In seine Amtszeit fällt der Beginn des Untergangs des alten Kurstaates und des Erzbistums Mainz. Sein jüngerer Bruder Franz Ludwig von Erthal war Fürstbischof von Würzburg und Bamberg. Sein älterer Bruder Lothar Franz von Erthal (* 12. November 1717 in Mainz; † 4. Dezember 1805 in Aschaffenburg) war kurmainzischer Obersthofmeister und Hofgerichtspräsident sowie Gouverneur von Aschaffenburg.
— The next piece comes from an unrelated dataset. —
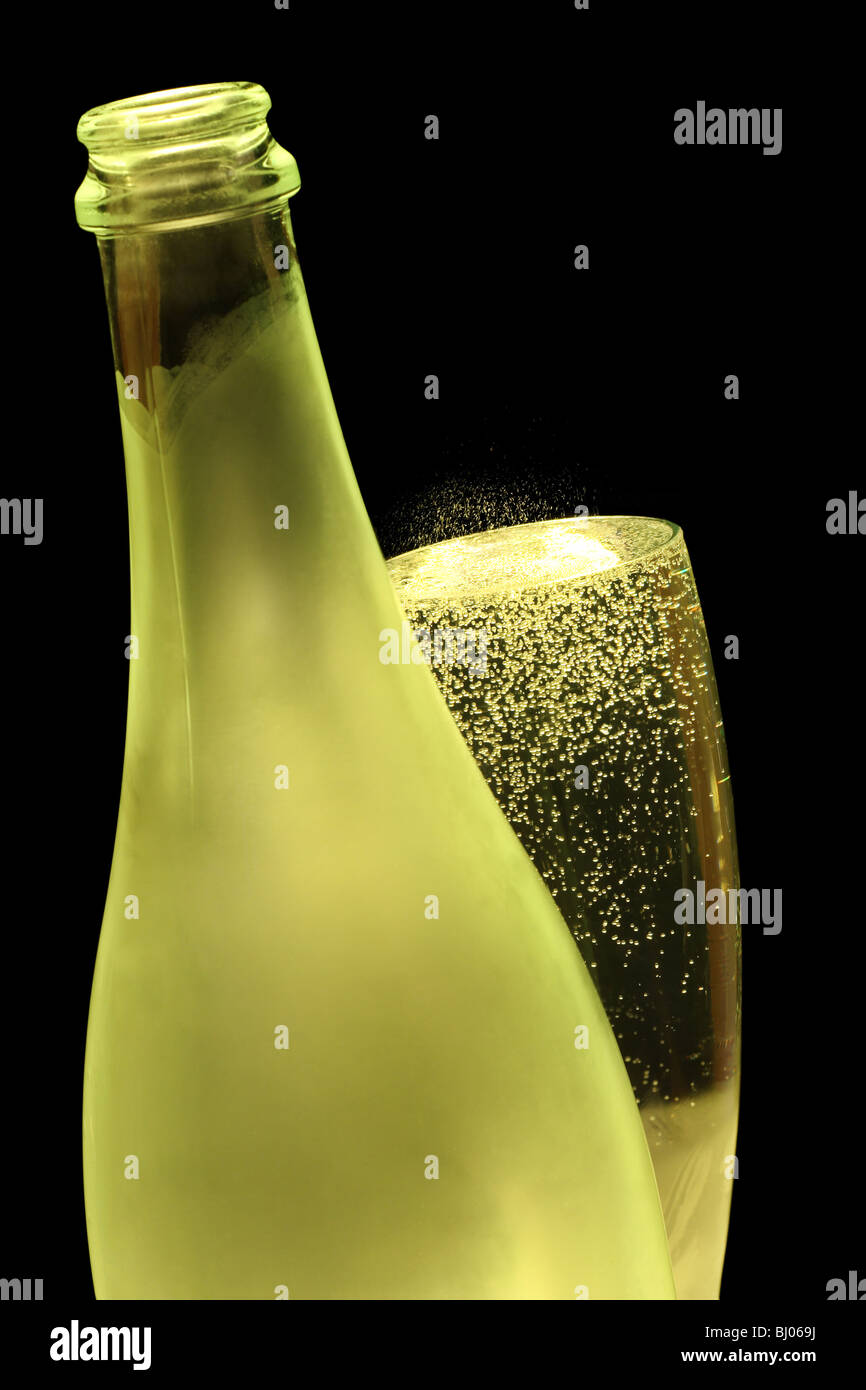 Bottiglia e bicchiere di champagne. Foto Stock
Vorgeschichte und Bischofswahl
Erthal wurde als Sohn von Philipp Christoph von und zu Erthal aus dem fränkischen Adelsgeschlecht von Erthal und dessen Frau Maria Eva von Bettendorff in Mainz geboren. Sophie von Coudenhoven, deren Mutter Charlotte Sophie von Hatzfeldt, geborene Bettendorf, seine Cousine war, wurde seine Vertraute am Mainzer Hof. Sein Vorgänger, Erzbischof Emmerich Joseph von Breidbach-Bürresheim, hatte Ideen der Aufklärung in seine Amtszeit eingebracht und war daher im Volk ungeheuer populär gewesen. Nach seinem Tod war das Mainzer Domkapitel in zwei Lager gespalten: Der eine Teil repräsentierte die Reformaufgeschlossenheit der Aufklärung, der weitaus größere andere Teil stand für die sofortige Restauration.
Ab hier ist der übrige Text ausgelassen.